Continuing our seventh annual best “books to give to kids you don’t know” round-up (see the first installment, here), we’re focusing on books that appeal to kids who are more interested in real things; real animals and real people, real places and real history. These are the kids who love to quiz their friends with questions like:
Did you know that basketball was invented by a guy from the YMCA?
…that Ben Franklin’s experiment with a kite and a key in a thunderstorm determined that lightning and electricity were one and the same?
…that turtles have a mouth with a hard beak but no teeth? Here are my favorites grouped by interest.
Hoop Genius: How a Desperate Teacher and a Rowdy Gym Class Invented Basketball, John Coy (Lerner/Carolrhoda, Ages 5 and up).
In this book, we discover how James Naismith took a group of energetic young men and created a safe, exciting indoor game. Did you know that the original basket in basket ball was one for peaches and that every timea basket was made, play had to stop while someone climbed a ladder to retrieve the ball?
Below, author John Coy at the Celebration of Minnesota Children’s Authors and Illustrators, held September 21 in Red Wing, Minnesota.
Nelson Mandela, Kadir Nelson, (HarperCollins/Katherine Tegan Books, Ages 6 and up).
Mandela’s recent death has brought more attention to this great man’s life. We are grateful to have the artwork of award winning artist, Kadir Nelson in this stirring biography. Shining a light on a person who inspires us to improve ourselves, our family and community, this book is a perfect Kwanzaa gift.
Becoming Ben Franklin: How a Candle-Maker’s Son Helped Light the Flame of Liberty , Russell Freedman, (Holiday House, Ages 10 and up)
Russell Freedman is a national treasure. His meticulously researched and engagingly written narrative brings new life to one of the most written about American Revolutionary figures.
When Stravinsky Met Nijinsky: Two Artists, Their Ballet, and One Extraordinary Riot, written and illus. by Lauren Stringer, (Harcourt, Ages 7 and up).

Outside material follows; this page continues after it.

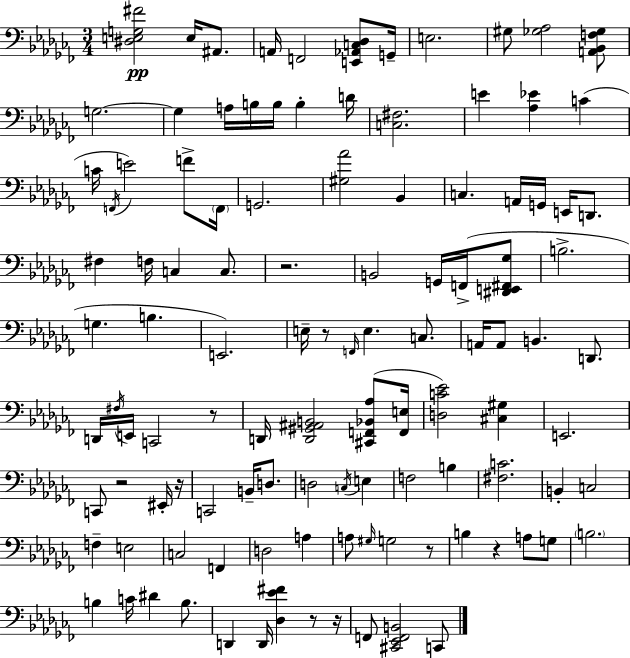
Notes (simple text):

[D#3,E3,G3,F#4]/h E3/s A#2/e. A2/s F2/h [E2,Ab2,C3,Db3]/e G2/s E3/h. G#3/e [Gb3,Ab3]/h [A2,Bb2,F3,Gb3]/e G3/h. G3/q A3/s B3/s B3/s B3/q D4/s [C3,F#3]/h. E4/q [Ab3,Eb4]/q C4/q C4/s F2/s E4/h F4/e F2/s G2/h. [G#3,Ab4]/h Bb2/q C3/q. A2/s G2/s E2/s D2/e. F#3/q F3/s C3/q C3/e. R/h. B2/h G2/s F2/s [D#2,E2,F#2,Gb3]/e B3/h. G3/q. B3/q. E2/h. E3/s R/e F2/s E3/q. C3/e. A2/s A2/e B2/q. D2/e. D2/s F#3/s E2/s C2/h R/e D2/s [D2,G#2,A#2,B2]/h [C#2,F2,Bb2,Ab3]/e [F2,E3]/s [D3,C4,Eb4]/h [C#3,G#3]/q E2/h. C2/e R/h EIS2/s R/s C2/h B2/s D3/e. D3/h C3/s E3/q F3/h B3/q [F#3,C4]/h. B2/q C3/h F3/q E3/h C3/h F2/q D3/h A3/q A3/e G#3/s G3/h R/e B3/q R/q A3/e G3/e B3/h. B3/q C4/s D#4/q B3/e. D2/q D2/s [Db3,Eb4,F#4]/q R/e R/s F2/e [C#2,Eb2,F2,B2]/h C2/e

Stringer expressive volume explores the sometimes fraught but always exciting collaboration of two of the most innovated artists of the previous century. In 1913, the avant-garde composer Igor Stravinsky composed The Rite of Spring (in French, Le Sacre du printemps) to be choreographed by the internationally renowned dancer, Vaslav Nijinsky for Diaghilev’s Ballets Russes. The collaboration was so shocking at the time that the debut performance ended with the audience rioting.
Be sure to also check out Stringer’s fascinating description of her research and creative process on her website.
The Flight of the Honey Bee by Raymond Huber, illus. by Brian Lovelock, (Candlewick, Ages 6 and up).
Huber’s fact filled sentences and lyrical style are a perfect match for Lovelock’s sweeping watercolor, acrylic and colored pencil illustrations of bees dancing, working and in flight.
Bugs: A Stunning Pop-up Look at Insects, Spiders, and Other Creepy-Crawlies, George McGavin, Jim Kay, (Candlewick, Ages 5 and up).
Gorgeous, magnificent, exquisite, superb, and, yes, stunning … there aren’t enough adjectives to describe this pop-up books about bugs. Formatted to appear as a historic exhibit with a naturalist’s handwritten notes and period illustrations, it offers all the facts a young scientist could want and this wonderfully creepy pop-up of a scorpion ready to attack:
More Kid-Favorite Topics
Locomotive, Brian Floca, (S&SAtheneum, all ages).
Floca’s words echo the rhythm of a train wheels on the track as we journey west on the steam engine and his generous use of onomatopoeia creates a text that sings. Readers will revel in the historical accuracy of the detailed paintings and find themselves swept back in time by the extensive spreads.
Toilet: How It Works, David Macaulay, Sheila Keenan, illus. by David Macaulay, (My Readers Series, Macmillan/Roaring Brook/David Macaulay Studio, Ages 5 and up)
Longtime fans of Macaulay have always appreciated his attention to detail. Booktalking librarians take great delight in pointing out the toilets that appear in his previous works. This time, the toilet stars in its own easy reader and it is with glee that I recommend it to you now.
Go: A Kidd’s guide to Graphic Design, Chip Kidd, (Workman, Ages 10 and up — all the grown ups that you know)
Okay, even as I write this, I know I sound crazy. There are two books I want to give to all my family and friends who are over ten years old. This is one. Chip Kidd who changed the face of book cover design in a humorous, easy-going personal narrative explains what design is and how we are all capable of making intelligent design choices. Although Kidd is writing for kids, this volumes accessibility to anyone with an interest of how the world looks and how it got that way won’t be able to put it down.